Data Ethics on the IndieWeb was a session at IndieWebCamp Berlin 2018.
Notes archived from: https://etherpad.indieweb.org/ethics
IndieWebCamp Berlin 2018
Session: Data Ethics on the IndieWeb
When: 2018-11-03 15:05
- Sven Knebel
- Sebastian Greger
- Jeremy Keith
- Tiara Miller
- Martijn van der Ven
- Peter Molnar
- Dylan Harris
- charlie owen
- Ton Zijlstra (remote, reading the notes)
- Greg McVerry
- Add yourself here… (see this for more details)
- goal of the session is not to discuss legal questions, nor GDPR; we simply want to start a discussion where indieweb sites use data about other people that potentially comes with a responsibility to deal with it ethically.
- comes with big questions: who defines what is ethical? how can a shared understanding be established in a community-driven open source movement like this, how can it be rooted in practice?

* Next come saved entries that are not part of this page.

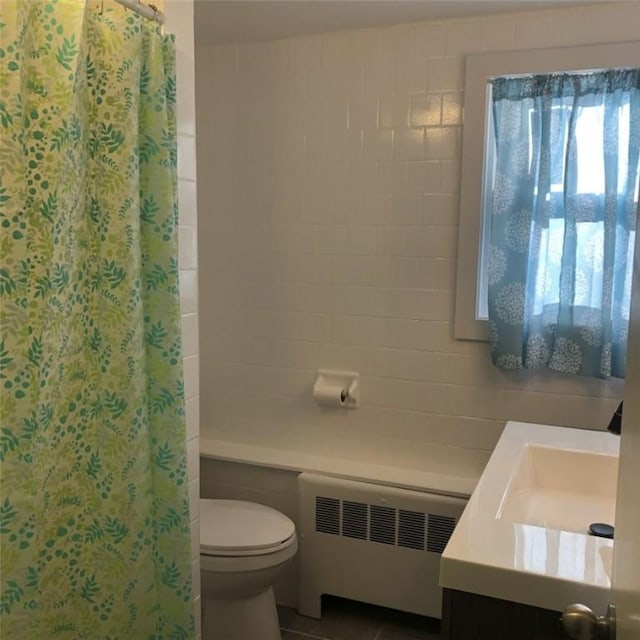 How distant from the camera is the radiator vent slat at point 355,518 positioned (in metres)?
2.59

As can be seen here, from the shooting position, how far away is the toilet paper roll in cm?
272

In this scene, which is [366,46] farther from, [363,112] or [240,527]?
[240,527]

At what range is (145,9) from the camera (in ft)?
4.95

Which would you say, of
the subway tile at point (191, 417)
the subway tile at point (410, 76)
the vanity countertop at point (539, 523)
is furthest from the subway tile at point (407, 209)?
the subway tile at point (191, 417)

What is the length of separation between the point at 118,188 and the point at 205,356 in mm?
1694

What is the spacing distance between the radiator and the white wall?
26 cm

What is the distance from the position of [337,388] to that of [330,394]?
38 millimetres

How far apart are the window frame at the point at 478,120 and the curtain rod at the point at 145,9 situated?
4.19ft

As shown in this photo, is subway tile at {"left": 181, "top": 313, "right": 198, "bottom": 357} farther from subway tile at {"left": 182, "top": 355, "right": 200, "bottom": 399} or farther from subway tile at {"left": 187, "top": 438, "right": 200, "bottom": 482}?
subway tile at {"left": 187, "top": 438, "right": 200, "bottom": 482}

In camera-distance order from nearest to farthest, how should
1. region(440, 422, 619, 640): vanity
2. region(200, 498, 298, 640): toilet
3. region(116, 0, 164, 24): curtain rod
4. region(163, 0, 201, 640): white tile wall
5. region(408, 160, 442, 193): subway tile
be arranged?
region(440, 422, 619, 640): vanity
region(116, 0, 164, 24): curtain rod
region(163, 0, 201, 640): white tile wall
region(200, 498, 298, 640): toilet
region(408, 160, 442, 193): subway tile

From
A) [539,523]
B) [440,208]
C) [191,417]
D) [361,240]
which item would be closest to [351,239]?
[361,240]

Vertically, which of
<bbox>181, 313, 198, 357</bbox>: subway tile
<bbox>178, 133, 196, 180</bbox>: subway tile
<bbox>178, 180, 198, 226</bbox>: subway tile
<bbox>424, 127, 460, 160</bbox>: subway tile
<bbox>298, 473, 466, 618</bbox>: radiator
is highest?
<bbox>424, 127, 460, 160</bbox>: subway tile

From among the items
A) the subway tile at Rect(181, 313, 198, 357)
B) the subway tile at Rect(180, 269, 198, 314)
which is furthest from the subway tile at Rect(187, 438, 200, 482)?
the subway tile at Rect(180, 269, 198, 314)

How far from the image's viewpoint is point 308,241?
2.78m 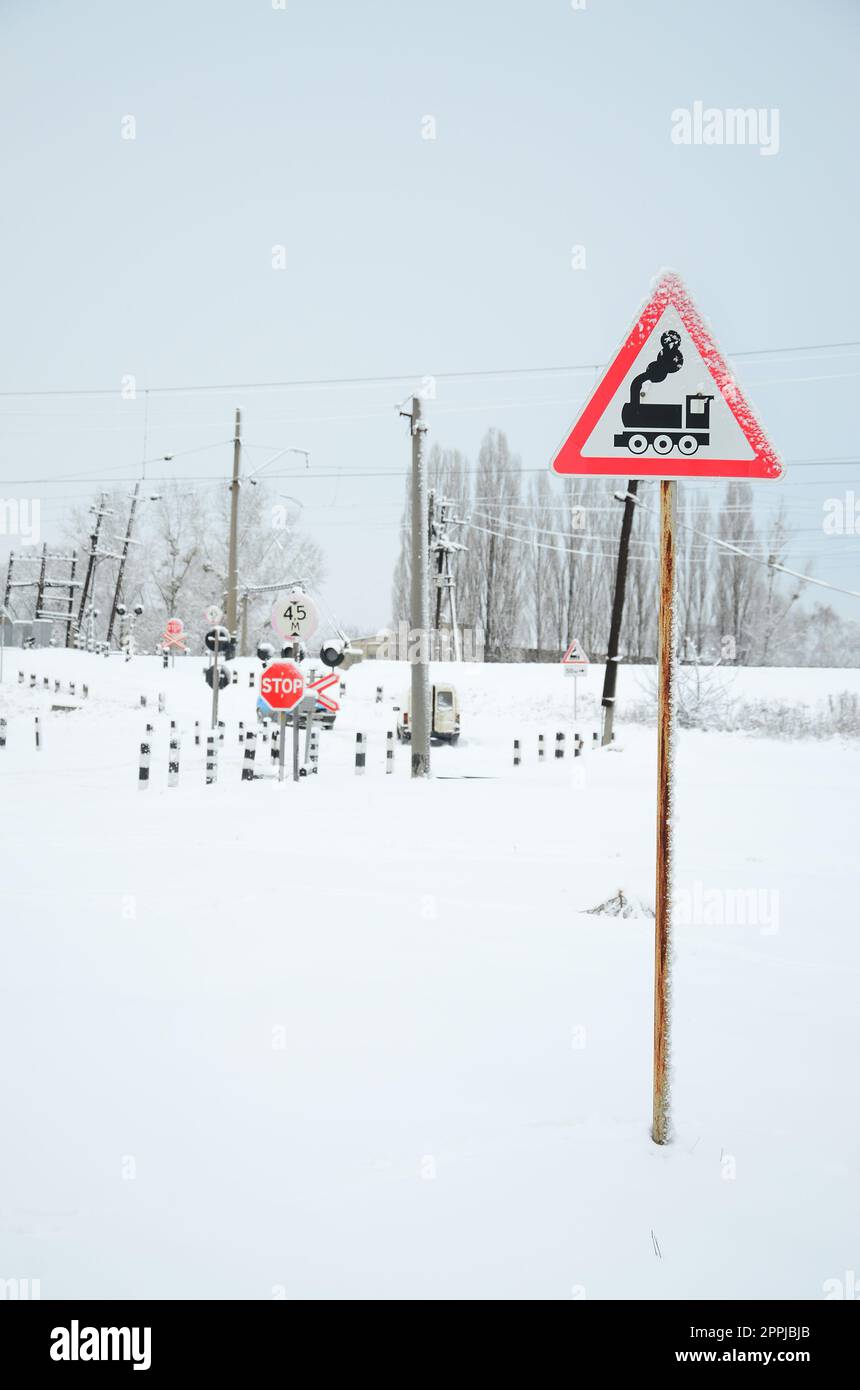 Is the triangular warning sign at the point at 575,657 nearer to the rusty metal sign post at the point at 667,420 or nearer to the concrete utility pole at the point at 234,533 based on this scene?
the concrete utility pole at the point at 234,533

- no simple answer but worthwhile to inject the debate into indieweb efforts (session goal is discussion, not solution)
- pulling likes and retweets to display on website there was an issue if a user didnt hear of indieweb they arent aware that their name would be used on the website it was being pulled to
- was using pixel images to link back to original post
- do indie website fall under gdpr? - we are not lawyers, don't get into that (personal websites don't fall under gdpr, so you don't need a privacy statement e.g., but doesn't mean you can post personal data) (depends on what your lawyer thinks "household activity" is)
- there is not really a difference between processing and storing the content or data (again not a lawyer disclaimer)
- there is no distiniction between storing and processing in GDPR
- seeking permission to share the data or is it that because it is on the web it is therefore public
- where do you define the line for this?
- twitter users grant twitter the right to use their data and dont have ownership
- from use case point of view you make a post to another persons site, realize it wasnt a good idea and you want to delete it can you?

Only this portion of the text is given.